Por: Miguel Antonio Bernal V.

“El poder institucionalizado, -nos enseña Rodrigo Borja en su Enciclopedia de la Política-, es el que ha sido despojado de lo personal, caprichoso, incierto y accidental que tuvo desde los albores de la sociedad humana. Uno de los grandes valores del desarrollo político de los pueblos es la previsibilidad del poder, es decir, la posibilidad de saber hasta dónde pueden llegar sus efectos y cuáles son las limitaciones de la autoridad pública. Aquí descansa la seguridad jurídica de los gobernados, o sea  su certeza de ánimo de que no serán molestados sin o cometen actos contrarios a la Ley”.

La democracia degenarada que nos toca vivir en Panamá tiene, hoy por hoy, cero de institucionalidad y, de ahí que la seguridad jurídica de los habitantes dentro del territorio nacional, es cada día más precaria y peligrosa.

La constitución militarista, impuesta en 1972, estableció el culto a la personalidad que había que rendirle al dictador, quien por disposición de la misma (Art. 277) era jefe militar, legislador, juez, procurador, magistrado, contralor y un largo etcétera. Hoy día, su heredero político lleva 34 meses recreándose en su ensimismaiento e imitando en el andar, hablar y actuar, al padre del régimen militar.

Prueba de lo anterior, el estilo de gobierno autoritario y personalista, con concentración de poder político y el culto semidivino que le profesan sus ministros y funcionarios, quienes no pierden ocasión para endiosarlo con la parafernalia acostumbrada.
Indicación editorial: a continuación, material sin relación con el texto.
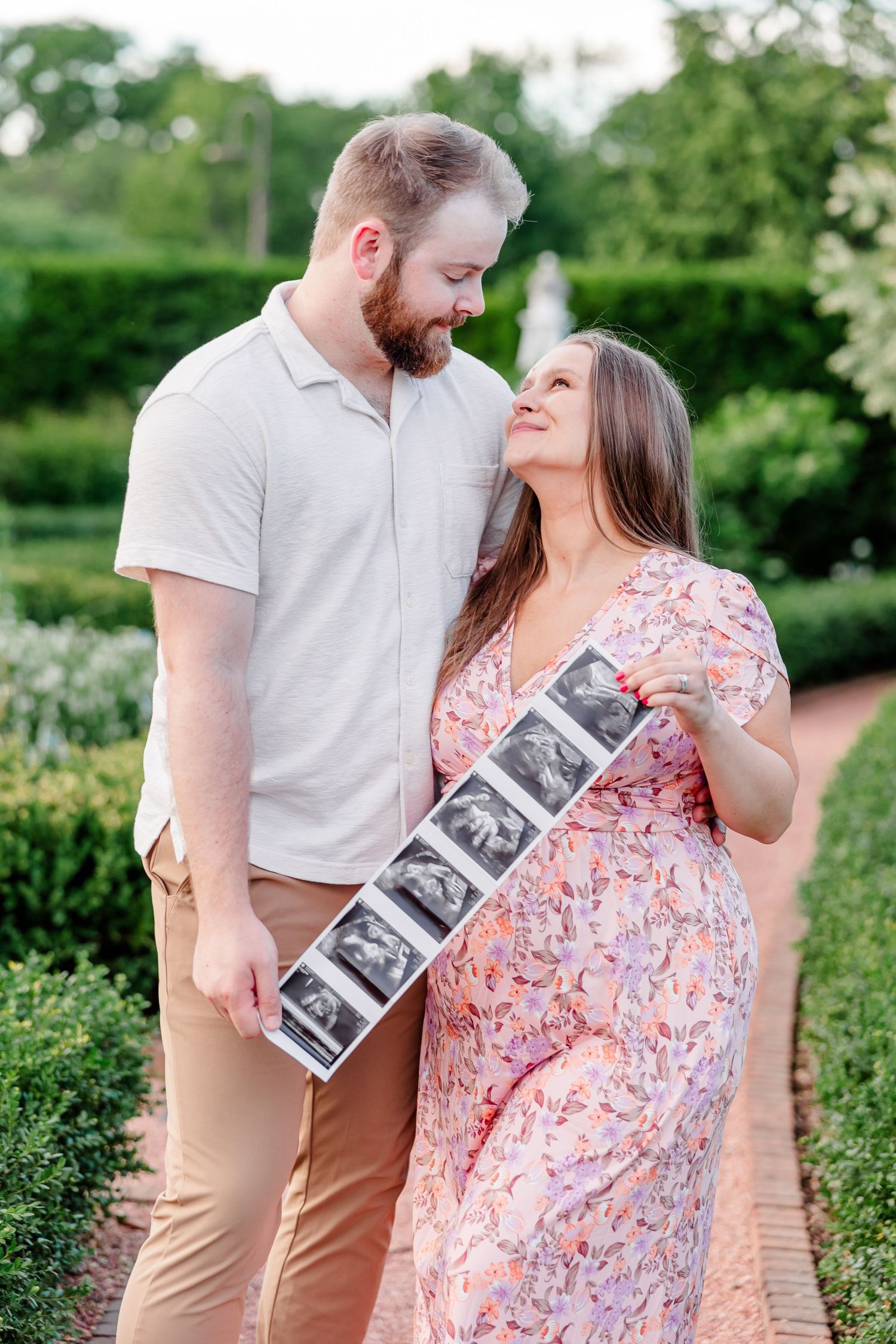 Expecting mother holding ultrasound photos during a Cantigny Park maternity session in Wheaton Illinois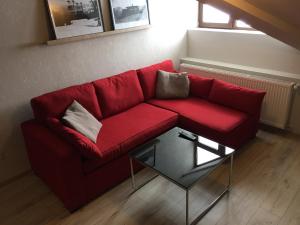 a red couch in a living room with a table at Two Level Apartment near Gondola in Gudauri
El culto a la personalidad es la negación más torpe de la institucionalidad, además de ser uno de los motores de la corrupción y de la impunidad. El bestiario de gobernantes que, a nivel mundial aborrecieron la institucionalidad por el culto a su personalidad, es extenso: Stalin, Franco, Hitler, Mussolini, Trujillo, Mao, Idi Amin, Kim Il-sung, Enver Hodja, Bokassa, Mobutu, Hussein, Papa Doc, Marcos y otros tantos tiranos de opereta, que hoy sirven de inspiración al presidencialismo autoritario.

Sabido es, que “los poderosos siempre saben trucar el escenario para el engaño” y abatir la institucionalidad.  Urge entonces la activación de la ciudadanía a través de un proceso constituyente, para otorgar poder a los ciudadanos y a sus espacios de actuación.